For the better part of its 78 years and by most accounts, that’s been true of the United Nations. How so for such a behemoth of complexity and controversy? Because compared with the centuries before it was formed on the heels of WWII, the world has enjoyed the U.N.’s primary objective of relative peace — a fact we have become so used to, we tend to forget what that means. No world wars (fewer wars in general) means increased personal safety, economic growth both within nations and between them, greater development and more opportunity for more people.
All of that equates to stability, and a stable world benefits everyone. Even if all you look at is money, consider Ukraine, whose invasion by Russia has caused supply chain problems for the U.S. and others.
While the organization Presidents Biden and Zelensky spoke to last week does good, both also acknowledged that it needs to change. Trying to agree on simply identifying the issues, let alone coordinate action, among 193 nations is like trying to get consensus in today’s Congress. Almost Sisyphean.
Still, the effort has to be made. When it wasn’t, two world wars and endless skirmishes made life intolerable. Poverty and starvation were far more widespread and intense than they are today, which contributed to global instability both political and economic.
The second secretary general Dag Hammarskjöld put it best when he said the U.N. “was created not to lead mankind to heaven but to save humanity from hell.”
Exactly how big a part the U.N. plays in holding Armageddon at bay has divided historians, but few doubt that since it was set up in 1945 its agencies have been largely responsible for saving millions, especially children, from other kinds of hell. Rampant poverty and starvation rates plummeted, as did children’s mortality and serious illnesses.
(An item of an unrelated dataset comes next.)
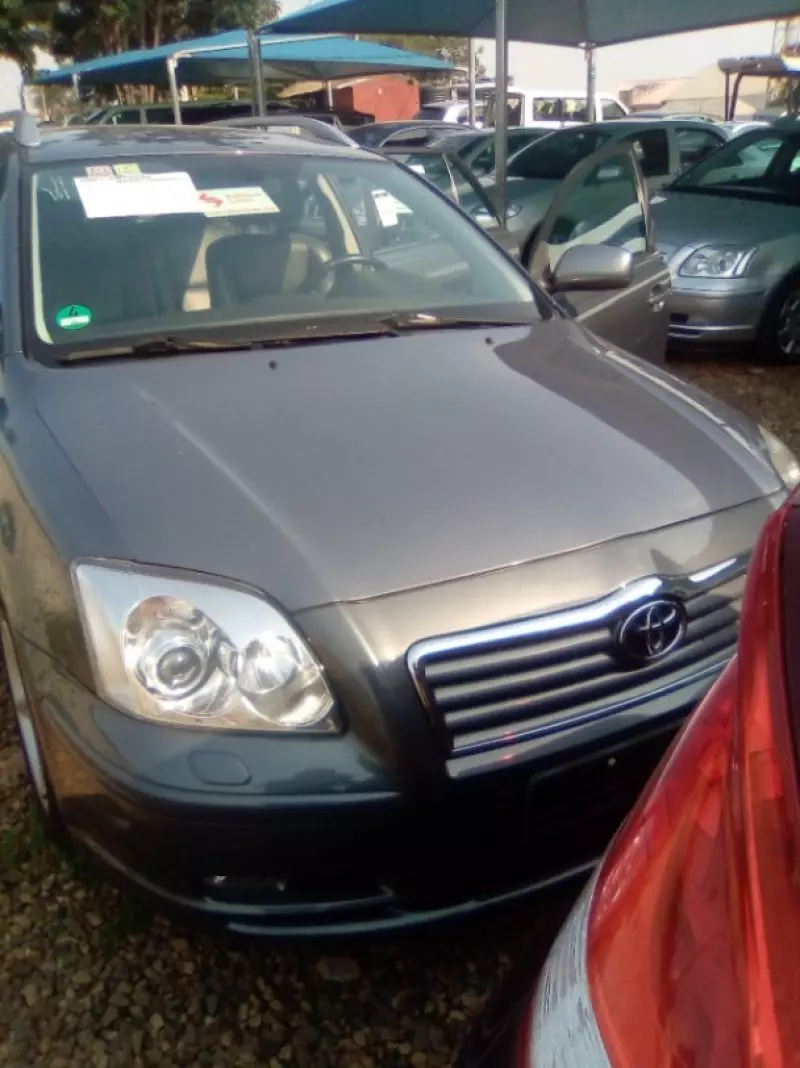 Toyota Avensis - 2005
“In 1950, 70% of the world’s population lived in absolute poverty. Because of the absence of major war, today that number is under 10%. People need to understand the relationship between these (U.N. organizational) rules and the benefits they enjoy,” said John Herbst, former U.S. ambassador to Ukraine, in a CNN interview.
Of course, its member-states and the organization itself have changed a lot since then, and certain criticisms are well earned.
At times, the U.N. has acted as life-saving peacekeeper in volatile settings, and at others, it stood by as genocide raged. Bureaucracy, accusations of corruption, and the undemocratic veto power of its five permanent members (U.S., Russia, China, France, U.K.), not to mention its massive budget, understandably infuriate. Its outdated structure is poorly adapted to this modern world. It has undemocratic features, even as it acts as an equalizer with a one-nation-one-vote assembly. It’s as inconsistent as national politics and possibly the most inefficient international organization.
It needs work, a lot of work. The lack of faith in its current iteration is justifiable.
Yet despite it all, on-the-ground volunteers and former staff who’ve seen the lives, circumstances and communities it’s changed say if the U.N. didn’t exist, we’d have to invent it. From neighborhood associations to boardrooms and legislatures, humans must meet to find ways to get along for mutual benefit, or we risk mutual destruction.
Without a ready international forum and some agreed-upon rules of basic behavior, aggressive, unprovoked invasions such as what Ukraine yet endures would be all-too common, as it once was in this world. Without such a forum, we couldn’t solve cross-border problems such as immigration or climate change and their causes (poverty, pollution, war, economic conditions).
If anything, we need that more than we did in 1950, because the world is far more interdependent today. From weather to jobs and food, almost no human essential is untouched by hands across the globe.